How can clinicians easily ask complex questions of knowledge and data sources, when they may be unfamiliar with how the information in a source is structured or even whether the source exists? Consider the domain of HIV drug resistance research, where investigators ask about which mutations emerge when a drug is administered and whether the presence of a new mutation is associated with poor drug response. Answering such questions not only requires considerable knowledge of the domain but also an ability to evaluate temporal relations among the data. Answers may depend on results in several resources, such as RxNorm for drug information and the Stanford HIV Drug Resistance Database for clinical cases. Investigators would normally need to identify and select the appropriate sources, specify suitable parameters within the resource’s query language, and integrate the answer fragments that are returned into a comprehensive answer.

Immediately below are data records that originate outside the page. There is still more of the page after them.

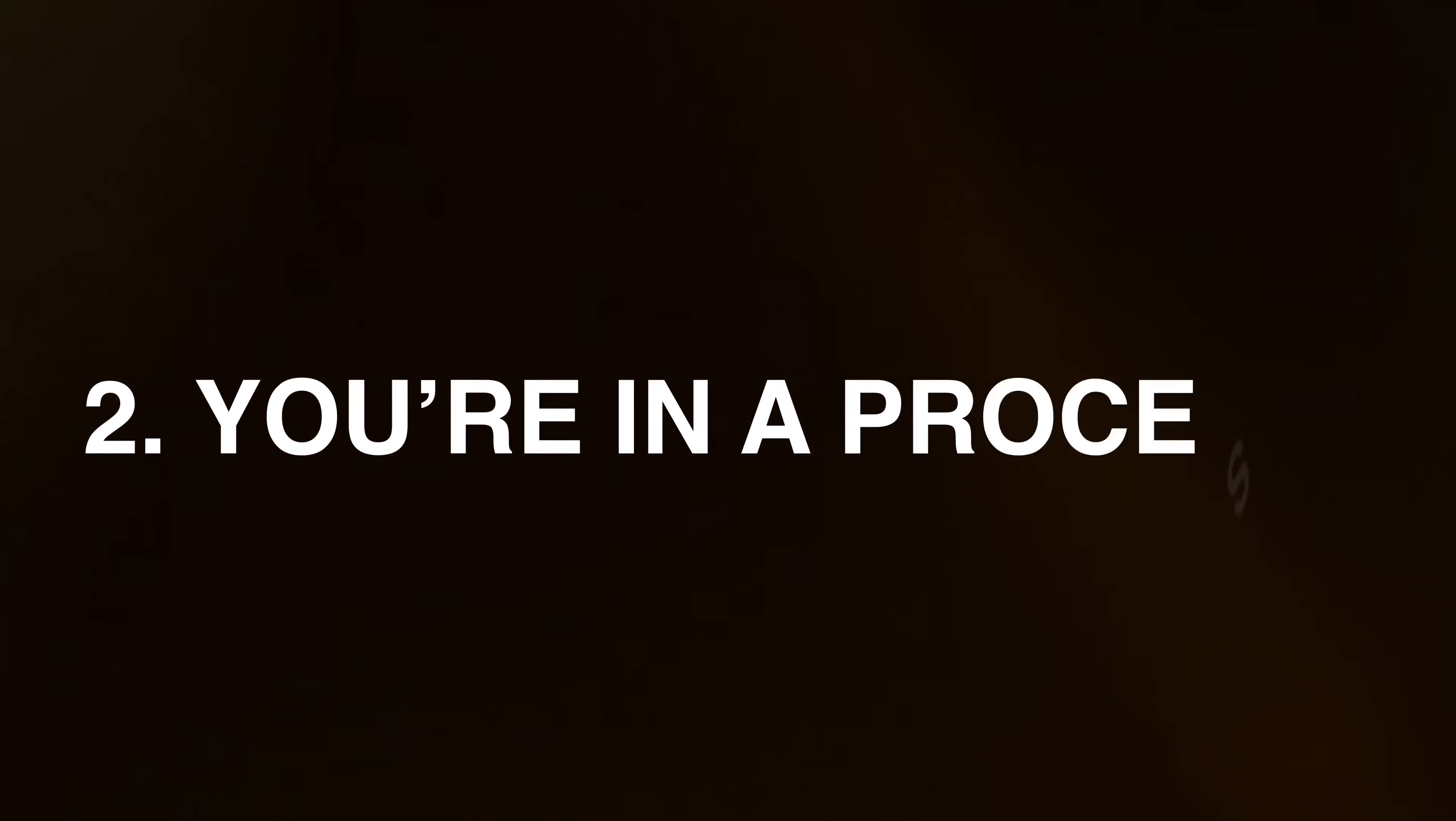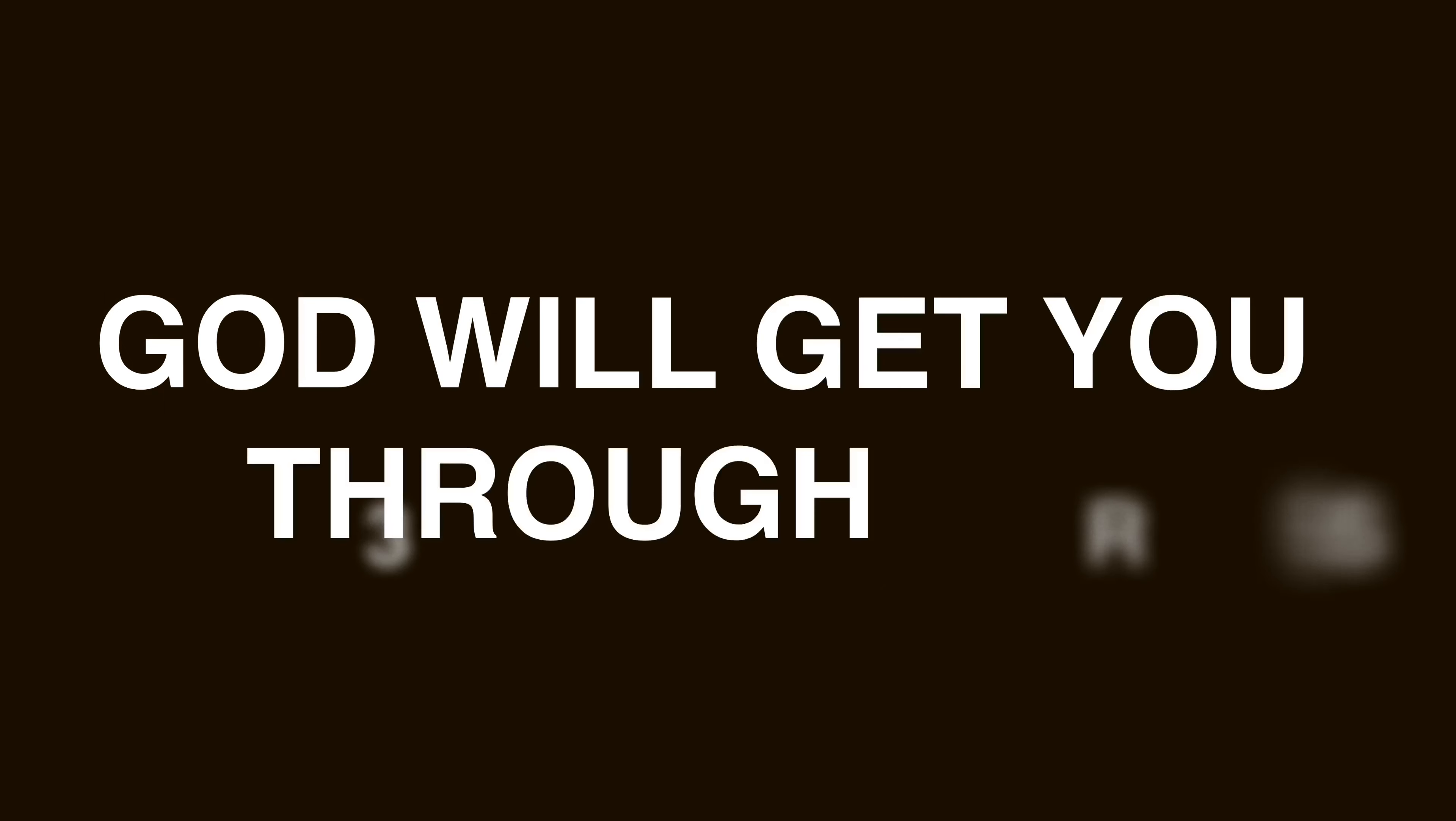She says it's a process. Yes, it's a process. You don't have to rush to get there. God will get you through this.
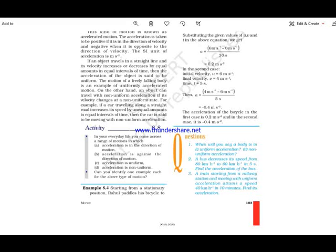Students, we have already discussed the numericals based on average velocity and average speed. Today we will discuss some numericals based on acceleration and the various equations of motion, so let's start.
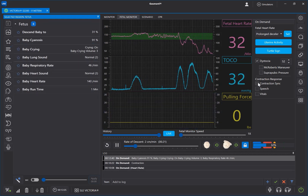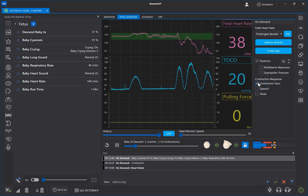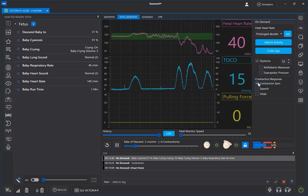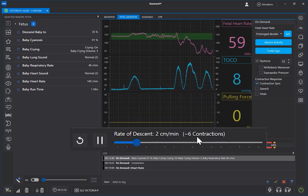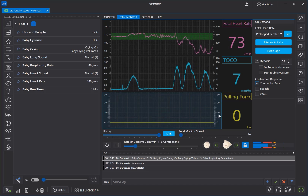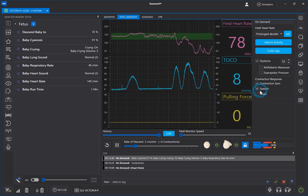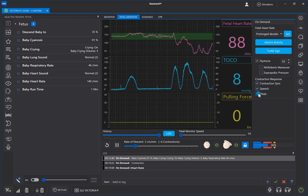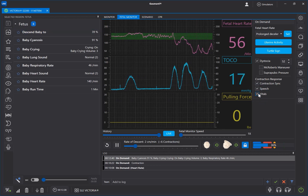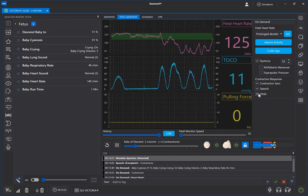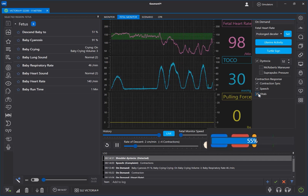The Contraction Sync box will advance the labor motor while the birthing simulator is having a contraction. If Contraction Sync is on, the rate of descent slider will estimate the number of remaining contractions instead of time. Speech will generate a yell to simulate the simulator straining during contractions. Vitals will cause a momentary elevation in maternal vitals during contractions.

To make such question answering easier, our group, in collaboration with researchers at PARC and SRI, is developing a system that uses a natural language English interface to request clinical information. Our approach is domain independent, but our implemented system, called Quadri (Question answering about drug resistance information), support the types of clinical research questions asked about HIV drug resistance. Quadri transforms such questions into an unambiguous logical form using natural language technology (PARC’s Bridge), which is then sent to a theorem prover (SRI’s SNARK) that operates over an axiomatic theory of the subject domain.
Our NIH-supported work is distinguished from prior efforts in intelligent query interfaces by (1) using language analysis that does not prematurely eliminate syntactic ambiguity but rather preserves it in a compact form; (2) using domain knowledge to prune ambiguities found during both the language analysis and the search for answers; (3) generating a logical form for a query that captures logical dependencies and that uses a higher level vocabulary interpreted by axioms of the domain theory (handling logical constructs beyond the capabilities of SQL); (4) enabling users to extend, refine, and alter their questions using a stream of queries, and to ask follow-up questions that use the results of preceding queries; and (5) giving feedback on a query’s logical interpretation and an explanation of how the answer was obtained.